Friday, September 16, 2016

Knee Pain

Another decent practice. What's this, three in a row? I'm on a roll! *snort*

Positional blocking drill. I'm terrible at holding a skater one on one. This is an assessment skill. I doubt I'll improve for redos. Not trying to stress about that. But getting around a skater, I don't do too shabby. I want to be an effective blocker; I don't want to be a jammer. But paired up with big sister last night, she kept praising my skills for getting around her, saying I should be a jammer. I'm comfortable bumping my chest onto her shoulder, using her for leverage to spin around, and then hopefully having enough juice to sprint away. We switched partners, and I got a skater who likes to block facing me. Yikes. But I still managed a couple times to get around her, either by drawing a directional blocking penalty (you're not allowed to block another skater in opposite derby direction/clockwise) or just pushing off her and getting away. Switch partners again and got a newer skater. I wasn't trying as hard, just to make her feel she was doing well, give her a bit more practice with it, then getting around in the same way every time, on the inside, using shoulder to shoulder to push me off, turn around, and go. She asked me, "that thing you're doing to me every time, how to I block against that." I told her I didn't know...cuz I don't.
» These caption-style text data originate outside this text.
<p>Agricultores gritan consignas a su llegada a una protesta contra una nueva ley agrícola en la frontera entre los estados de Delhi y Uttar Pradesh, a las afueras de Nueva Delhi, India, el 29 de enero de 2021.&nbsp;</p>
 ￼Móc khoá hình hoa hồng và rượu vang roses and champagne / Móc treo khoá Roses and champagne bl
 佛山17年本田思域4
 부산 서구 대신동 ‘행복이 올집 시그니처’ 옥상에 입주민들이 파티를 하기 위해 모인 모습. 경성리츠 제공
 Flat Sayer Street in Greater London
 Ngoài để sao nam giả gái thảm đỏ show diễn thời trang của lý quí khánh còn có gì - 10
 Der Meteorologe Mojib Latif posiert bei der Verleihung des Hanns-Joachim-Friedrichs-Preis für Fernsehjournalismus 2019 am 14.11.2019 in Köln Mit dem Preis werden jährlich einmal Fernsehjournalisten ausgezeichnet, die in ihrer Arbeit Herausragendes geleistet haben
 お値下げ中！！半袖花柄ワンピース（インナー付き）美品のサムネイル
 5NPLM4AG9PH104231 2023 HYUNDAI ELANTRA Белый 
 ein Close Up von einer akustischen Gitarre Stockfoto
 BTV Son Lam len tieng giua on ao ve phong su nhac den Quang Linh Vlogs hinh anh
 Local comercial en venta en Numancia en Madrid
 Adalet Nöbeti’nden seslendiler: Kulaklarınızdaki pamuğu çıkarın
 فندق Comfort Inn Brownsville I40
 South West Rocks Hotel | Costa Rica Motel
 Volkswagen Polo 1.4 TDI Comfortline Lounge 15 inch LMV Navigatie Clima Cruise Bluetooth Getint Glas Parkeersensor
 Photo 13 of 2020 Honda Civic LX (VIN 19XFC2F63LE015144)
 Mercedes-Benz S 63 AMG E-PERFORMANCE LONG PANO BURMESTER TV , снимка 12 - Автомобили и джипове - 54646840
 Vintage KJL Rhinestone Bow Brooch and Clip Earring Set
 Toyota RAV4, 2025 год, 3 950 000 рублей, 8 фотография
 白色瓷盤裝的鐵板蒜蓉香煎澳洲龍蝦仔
I guess what even I need to come to terms with..you're not going to always hold the jammer. She's going to get through sometimes. It doesn't mean you played badly.

I took a tough fall sometime during the night. On that same knee I bruised a couple weeks ago when my knee pad dislodged. Nothing you'd think would be bad, just a simple down to one knee. But it was hard and painful. I needed to sit it out for a bit, flexing and stretching. The pain subsided enough for me to keep playing, but anytime I fell on my right knee, it would hurt, like more than my threshold. By the time I got home, it was swollen. So I iced it. Today, it's stiff and tender, is the best way I can describe it. I'm hoping it's fine by Sunday. I would hate to sit out a practice, but my instinct is telling me I definitely could not play on it today, so if it's not better by Sunday, I shouldn't play on it. Yikes.

Scrimmaging. I'm still a hot mess. I'm OK with that as long as I work at staying low. I know I don't always, but I'm hoping I'm staying low for longer. That's my goal. Coach asked me if I felt like it was getting easier out there, more instinctual. I should say yes. But I still feel underwater, which end is up?